- **Exercise brief**
The listing should be printed again without a single change.

──────── Information

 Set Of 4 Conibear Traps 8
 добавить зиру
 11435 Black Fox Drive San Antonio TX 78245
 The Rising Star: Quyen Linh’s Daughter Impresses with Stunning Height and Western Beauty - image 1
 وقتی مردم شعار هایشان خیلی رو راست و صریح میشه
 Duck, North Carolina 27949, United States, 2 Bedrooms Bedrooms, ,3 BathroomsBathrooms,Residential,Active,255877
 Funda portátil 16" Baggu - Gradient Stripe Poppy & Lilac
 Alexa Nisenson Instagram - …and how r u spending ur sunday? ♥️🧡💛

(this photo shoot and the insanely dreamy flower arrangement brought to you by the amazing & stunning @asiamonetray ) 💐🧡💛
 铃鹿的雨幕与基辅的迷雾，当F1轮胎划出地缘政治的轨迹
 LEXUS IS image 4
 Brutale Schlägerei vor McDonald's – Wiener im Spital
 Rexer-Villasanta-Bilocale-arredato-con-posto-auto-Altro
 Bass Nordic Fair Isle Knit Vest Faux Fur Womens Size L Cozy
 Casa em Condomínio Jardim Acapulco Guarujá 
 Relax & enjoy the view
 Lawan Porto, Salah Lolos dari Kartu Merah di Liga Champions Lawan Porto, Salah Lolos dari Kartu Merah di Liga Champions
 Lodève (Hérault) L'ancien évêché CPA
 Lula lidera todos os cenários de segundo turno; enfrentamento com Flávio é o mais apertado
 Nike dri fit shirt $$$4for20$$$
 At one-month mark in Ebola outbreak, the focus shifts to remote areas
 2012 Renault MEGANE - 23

────────────────

- **Result below**
 Set Of 4 Conibear Traps 8
 добавить зиру
 11435 Black Fox Drive San Antonio TX 78245
 The Rising Star: Quyen Linh’s Daughter Impresses with Stunning Height and Western Beauty - image 1
 وقتی مردم شعار هایشان خیلی رو راست و صریح میشه
 Duck, North Carolina 27949, United States, 2 Bedrooms Bedrooms, ,3 BathroomsBathrooms,Residential,Active,255877
 Funda portátil 16" Baggu - Gradient Stripe Poppy & Lilac
 Alexa Nisenson Instagram - …and how r u spending ur sunday? ♥️🧡💛

(this photo shoot and the insanely dreamy flower arrangement brought to you by the amazing & stunning @asiamonetray ) 💐🧡💛
 铃鹿的雨幕与基辅的迷雾，当F1轮胎划出地缘政治的轨迹
 LEXUS IS image 4
 Brutale Schlägerei vor McDonald's – Wiener im Spital
 Rexer-Villasanta-Bilocale-arredato-con-posto-auto-Altro
 Bass Nordic Fair Isle Knit Vest Faux Fur Womens Size L Cozy
 Casa em Condomínio Jardim Acapulco Guarujá 
 Relax & enjoy the view
 Lawan Porto, Salah Lolos dari Kartu Merah di Liga Champions Lawan Porto, Salah Lolos dari Kartu Merah di Liga Champions
 Lodève (Hérault) L'ancien évêché CPA
 Lula lidera todos os cenários de segundo turno; enfrentamento com Flávio é o mais apertado
 Nike dri fit shirt $$$4for20$$$
 At one-month mark in Ebola outbreak, the focus shifts to remote areas
 2012 Renault MEGANE - 23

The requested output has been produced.